Aunque las encuestas sitúan a Díaz entre los líderes mejor valorados, supongo que porque practica el infantilismo entre una mayoría deficientemente formada y es la que mejor viste del Gobierno, repite los mismos mantras que ha enarbolado Podemos desde siempre, e incluso la izquierda en general. Por ejemplo, que el mayor problema del país es la desigualdad, un hecho completamente falso que a fuer de ser repetido con la insistencia propia de los activistas genuinos, ha pasado a alcanzar la pátina de verdadero. Pero no. El principal problema de España, y mira que tiene muchos, recrecidos desde que gobierna el sanchismo, afecta directamente a su negociado, y no es otro que la tasa de paro, la más alta de Europa desde tiempo inmemorial sin que ningún equipo político haya sido capaz de atacarla con la determinación y la inteligencia precisas.
Cuando se hizo cargo del Ministerio de Trabajo se propuso como objetivo principal la eliminación de los empleos temporales, pero como siempre sucede con los comunistas sólo se le ocurrió prohibirlos por ley, un grave error, pues España necesita como agua de mayo este tipo de contratación mientras el mercado laboral sea rígido e inflexible a las necesidades reales de las empresas, que es la razón por la que precisamente los inventó en el primer Gabinete de Felipe González el entonces ministro Joaquin Almunia, que vio este camino como el único posible para sortear la tiranía sindical, interesada siempre en cualquier cosa menos en el bienestar común. El caso es que el resultado de la reforma laboral ha sido la explosión masiva de los llamados fijos discontinuos, con seguro a desempleo durante los periodos de inactividad, pero un espejismo de cara a resolver el problema de verdad, que viene determinado por unos costes del despido demasiado elevados y la presencia inconveniente y ominosa de los sindicatos en la vida empresarial a través de la negociación colectiva.

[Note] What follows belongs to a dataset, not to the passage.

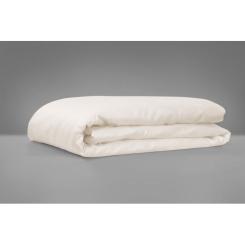 Пододеяльник MirSon Moko White 0001 110х140 Фото 1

Los buenos datos laborales de los que presume el Gobierno a bombo y platillo son imaginarios, y responden básicamente a una contratación aplastante de empleados públicos -sólo 30.000 en el último mes- que deja un panorama desolador, una nación cuya fuerza de trabajo depende, cobra y probablemente vote al que le ha proporcionado un alto sueldo y seguridad de por vida, mientras el sector privado, que es el que representa la fortaleza y la pujanza de los países desarrollados e importantes es cada más chico, así como sometido a todo tipo de incurias, como unos impuestos progresivamente asfixiantes.

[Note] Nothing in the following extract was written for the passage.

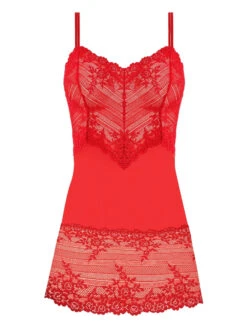 Wacoal Embrace Lace Chemise -FREYA Shop braforme wacoal embrace lace WA814191 623 c 934299ad bc55 413b bdc9 0e361d69270e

Del otro gran éxito de la señora Díaz, la subida del salario mínimo, ya hemos hablado abundante en esta columna y me molesta ser demasiado pesado. Sólo decir que ha impedido la creación de miles de puestos de trabajo y que perjudica sobremanera a los jóvenes y a la gente en situación más precaria. Este es el fastuoso alcance de la ternura que ha distinguido a la señora Díaz y el que sin duda presidiría un eventual, aunque imposible, Gobierno con ella al frente.
En el terreno laboral, que es el que le correspondía mejorar, ha cosechado un estrepitoso fracaso, aunque como buena comunista jamás reconocerá los hechos, mucho menos empapada del aroma de la mentira y de la propaganda del que Sánchez ha impregnado a todo su equipo. Como decía, la tasa de paro, que es el resumen y resultado final de una gestión al frente de la cartera de Trabajo, se acerca al 13%, a gran distancia de la media de la zona euro y mayor que la de cualquier miembro del club. ¿Y qué importa el dato a esta clase de seres?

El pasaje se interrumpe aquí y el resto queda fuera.